Sucralose e estévia
Quando escolhe a versão dietética de um refrigerante, você consome adoçantes não-nutritivos, que têm sabor doce, mas - ao contrário do açúcar - não contêm calorias.
No entanto, organizações de saúde começam a expressar preocupação com os potenciais impactos a longo prazo desses adoçantes, sugerindo que eles podem interferir no metabolismo energético e aumentar o risco de diabetes ou doenças cardiovasculares.
Agora, um novo estudo feito em animais de laboratório comprovou que os populares adoçantes sucralose e estévia têm efeitos negativos no microbioma intestinal e na expressão gênica, potencialmente comprometendo a saúde metabólica, que pode ser transmitida entre gerações.
"Achamos intrigante que, apesar do crescente consumo desses aditivos, a prevalência de obesidade e distúrbios metabólicos, como a resistência à insulina, não tenha diminuído," comentou Dra. Francisca Celume, da Universidade do Chile. "Isso não significa que os adoçantes sejam responsáveis por essas tendências, mas levanta a questão de se eles influenciam o metabolismo de maneiras que ainda não compreendemos completamente."
Efeitos hereditários variados
Os experimentos mostraram que diferentes adoçantes produzem efeitos diferentes, que mudam ao longo do tempo. Na primeira geração das cobaias, apenas os descendentes machos que consumiram sucralose apresentaram sinais de intolerância à glicose; mas, na segunda geração, níveis elevados de açúcar no sangue em jejum foram detectados tanto nos descendentes machos que consumiram sucralose quanto nas descendentes fêmeas que consumiram estévia.
Ambos os grupos que consumiram adoçantes apresentaram microbiomas fecais mais diversos, mas concentrações mais baixas de ácidos graxos de cadeia curta, sugerindo que as bactérias estavam produzindo menos metabólitos benéficos; ambas as gerações subsequentes também apresentaram concentrações mais baixas de ácidos graxos de cadeia curta.

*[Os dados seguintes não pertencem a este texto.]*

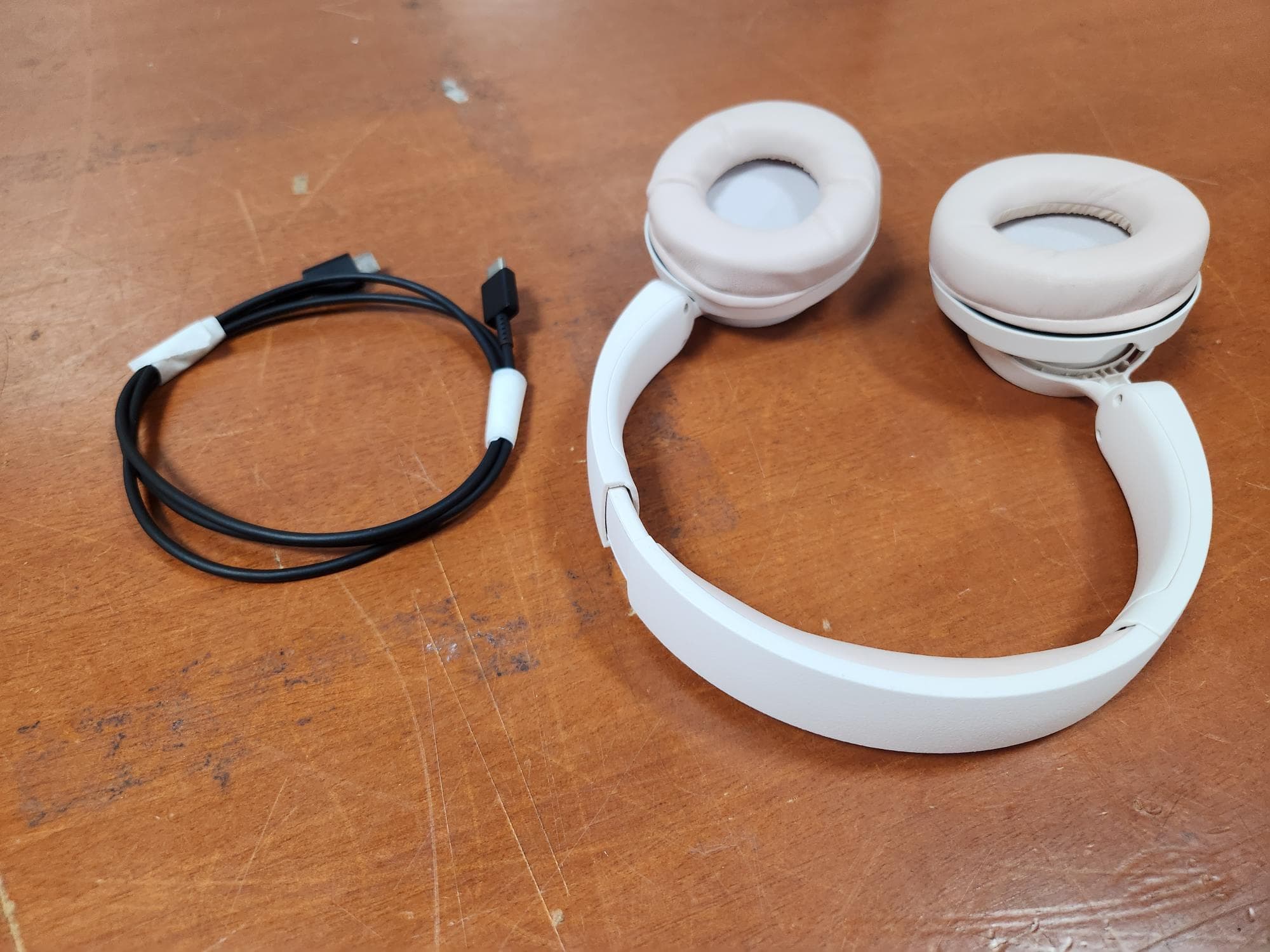 Bluetooth Noise cancelling Headphone - FCC ID V2R-BN0300 - Cresyn Co., Ltd.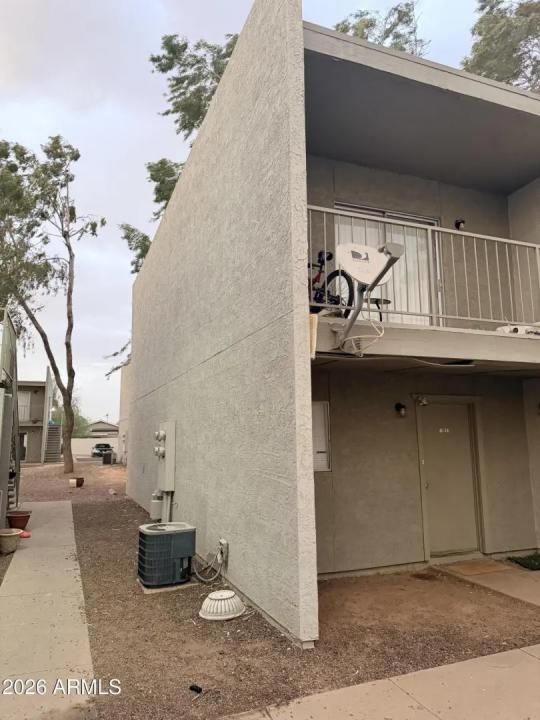 Real Estate Picture 7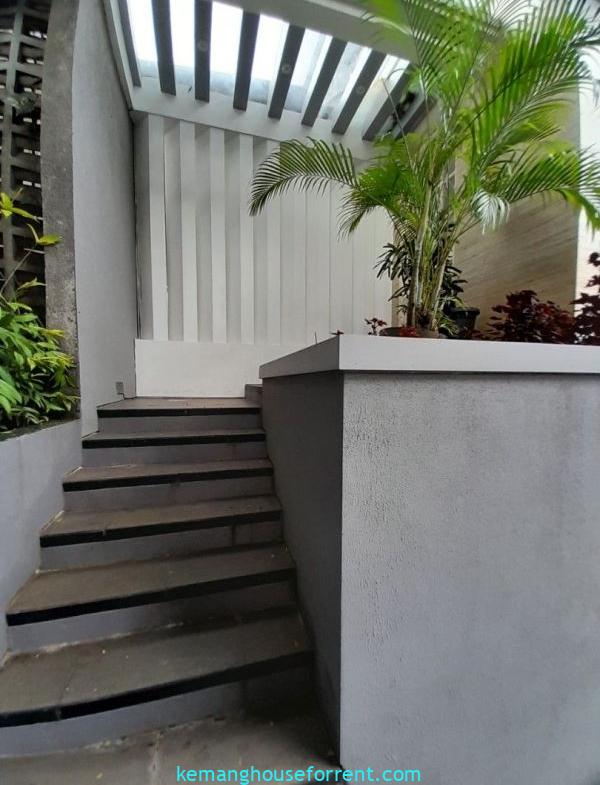 Townhouse Dijual Pejaten Barat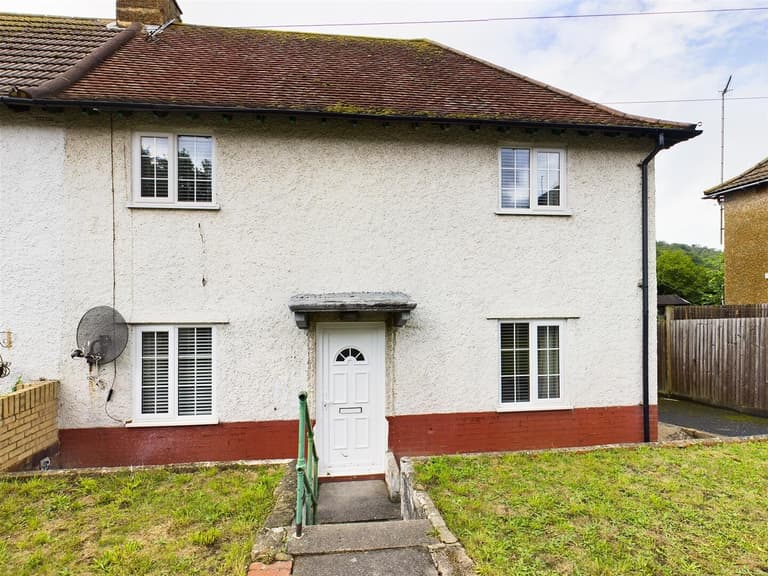 Colbourne Avenue., Moulsecoomb, Brighton, BN2 4GE Colbourne Avenue., Moulsecoomb, Brighton, BN2 4GE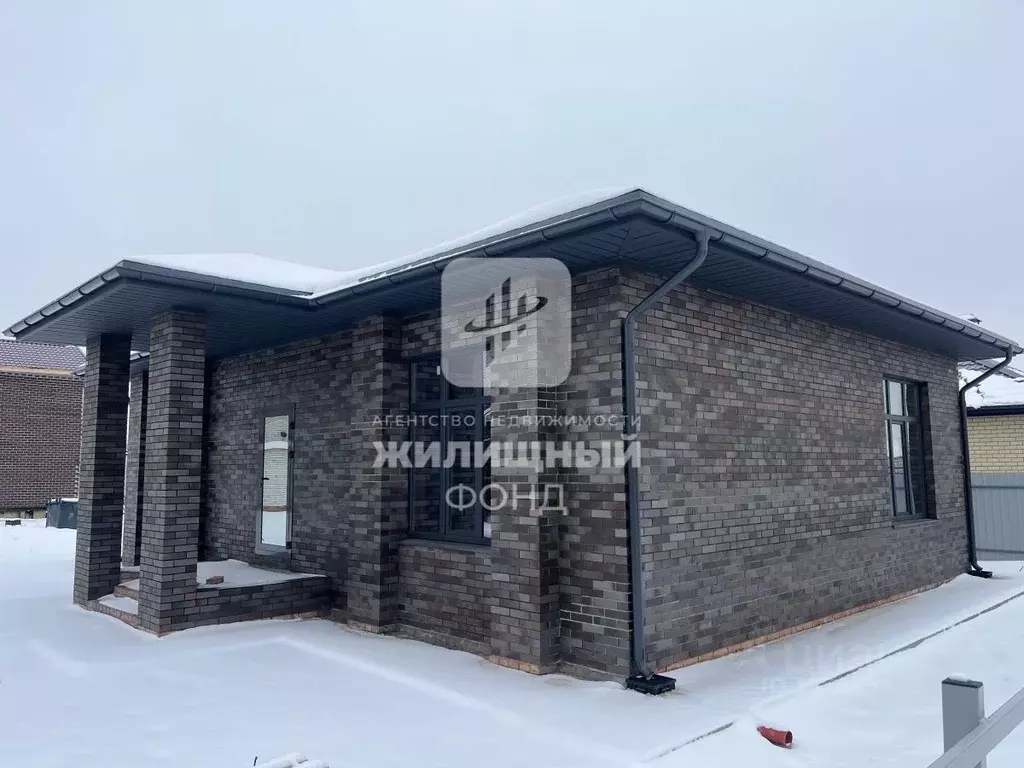 Дом в Саратовская область, Энгельсский район, Красноярское ... - Фото 2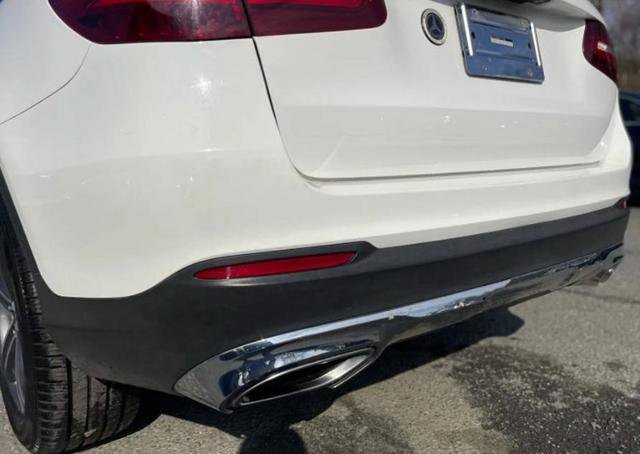 Used 2019 Mercedes-Benz GLC 300 GLC 300 w/ Premium Package image 38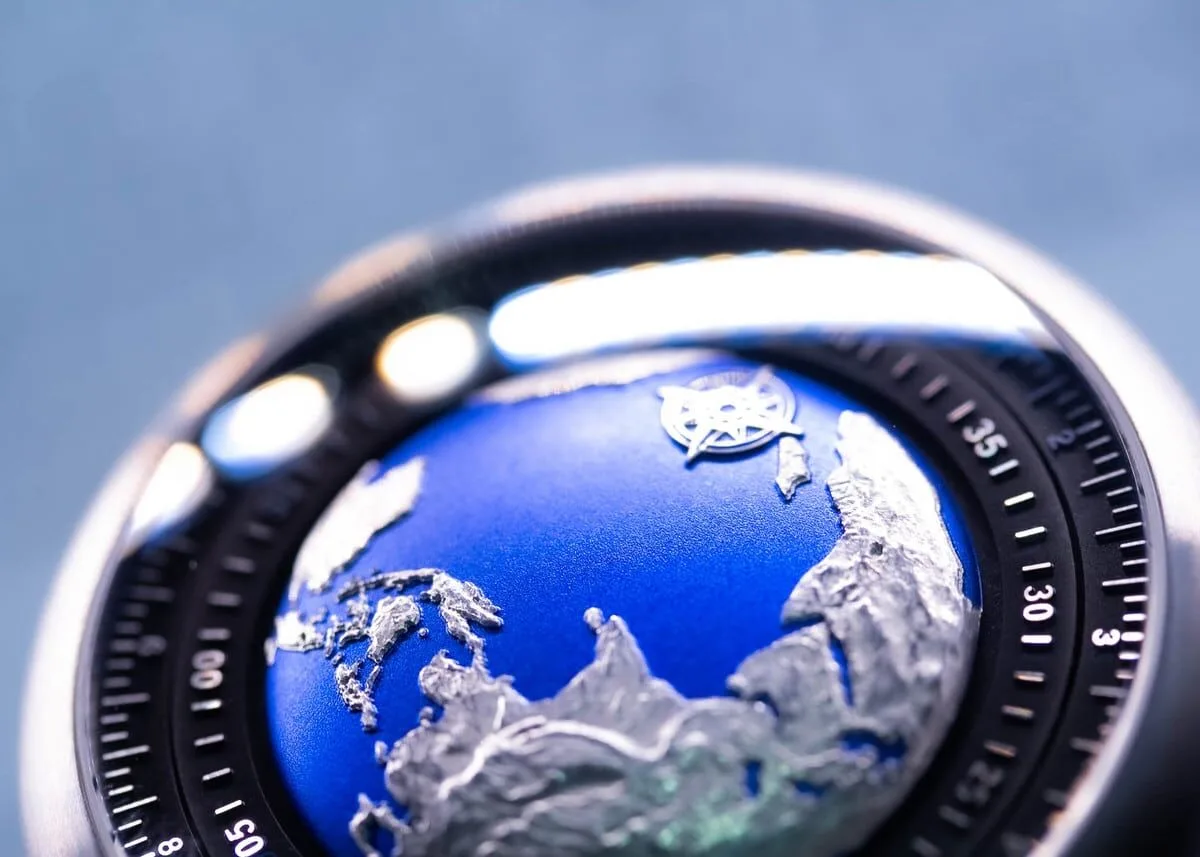 Detail of CIGA Design Blue Planet ocean paint defect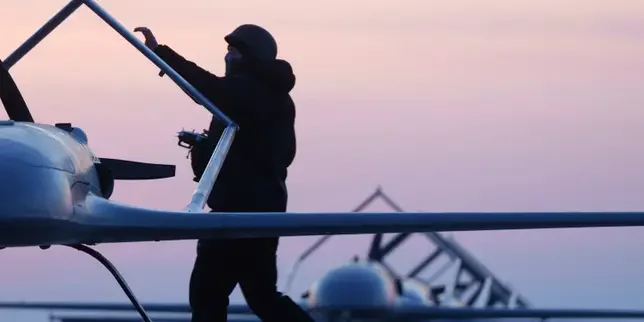 How do Ukraine's long-range drones evade Russian defenses?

Os animais que consumiram sucralose foram afetados de forma mais grave e persistente pelas alterações no microbioma fecal, com maior número de espécies patogênicas e menor número de espécies bacterianas benéficas em suas fezes.
De forma semelhante, a sucralose parece estimular a expressão de genes ligados à inflamação e atenuar a expressão de genes ligados ao metabolismo por duas gerações após o consumo. A estévia também influencia a expressão gênica, mas seus efeitos são menores e não são transmitidos por mais de uma geração.
"Ao compararmos as gerações, esses efeitos foram geralmente mais fortes na primeira geração e tenderam a diminuir na segunda," disse Concha. "No geral, os efeitos associados à sucralose foram mais consistentes e persistentes ao longo das gerações."
No entanto, a equipe enfatiza que, embora a pesquisa identifique associações entre diferentes alterações no estado de saúde, ela não estabelece causalidade. Além disso, o impacto dos adoçantes não nutritivos em camundongos não refletirá exatamente o seu impacto em humanos, o que exigirá pesquisas específicas para confirmação.